INSTRUCTIONS TO FOLLOW. Your task is to reproduce the listing exactly, without its images.

===============

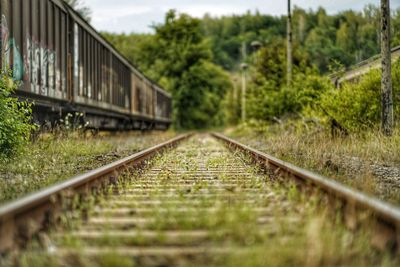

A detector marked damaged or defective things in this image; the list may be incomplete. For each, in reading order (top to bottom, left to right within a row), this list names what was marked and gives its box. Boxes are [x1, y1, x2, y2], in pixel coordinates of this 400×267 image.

rusty train car [0, 0, 170, 130]
rusty rail [0, 134, 191, 253]
rusty rail [212, 133, 400, 251]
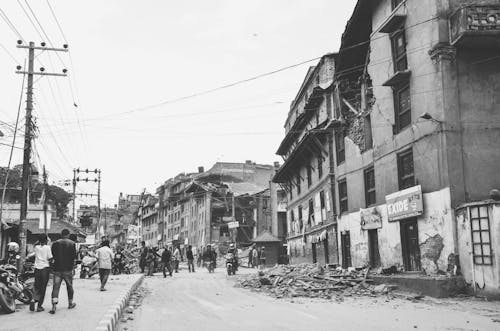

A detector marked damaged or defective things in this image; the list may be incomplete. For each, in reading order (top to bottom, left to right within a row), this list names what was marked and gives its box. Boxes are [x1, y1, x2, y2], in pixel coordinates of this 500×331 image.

broken concrete debris [238, 264, 398, 300]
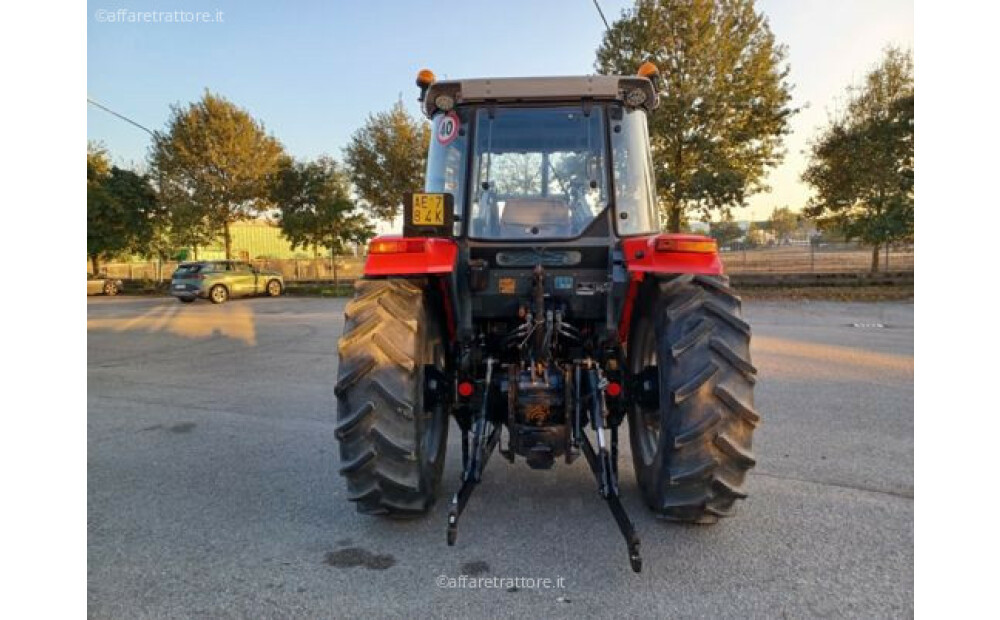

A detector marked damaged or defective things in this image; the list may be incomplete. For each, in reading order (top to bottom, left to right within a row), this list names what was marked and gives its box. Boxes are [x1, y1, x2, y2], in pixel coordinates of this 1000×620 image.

pavement crack [752, 472, 912, 502]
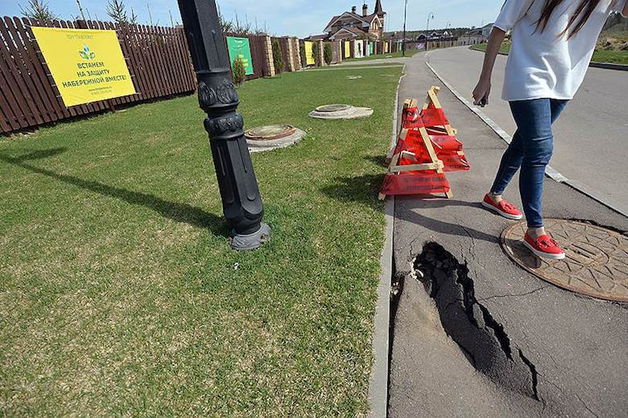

===============

FINAL ANSWER.
A detector marked damaged or defective things in this image; the list may be incomplete. For each, in reading order (top to bottom, left to right within a row), this list names what was marked and gives its box. Boxes are [x1, y1, x2, y2], in pixel coordinates of this 400×267 image.

rusty train car [0, 0, 170, 130]
rusty rail [0, 134, 191, 253]
rusty rail [212, 133, 400, 251]

A detector marked damaged or defective things in this image; the list may be incomplete. For each, in reading order (top to bottom, left to right within a row), this list names what was marked and gives its box. Boxes are [x1, y1, x2, y2], in pixel coordinates of this 500×331 image.

broken concrete debris [238, 264, 398, 300]

A detector marked damaged or defective things in this image; the list may be incomplete. For each, in reading order (top to bottom, left to right within a row), this list names what was marked and gives its box. Boxes are [x1, y1, x2, y2], in pixel coordinates of this 1000×620 image.

pavement crack [752, 472, 912, 502]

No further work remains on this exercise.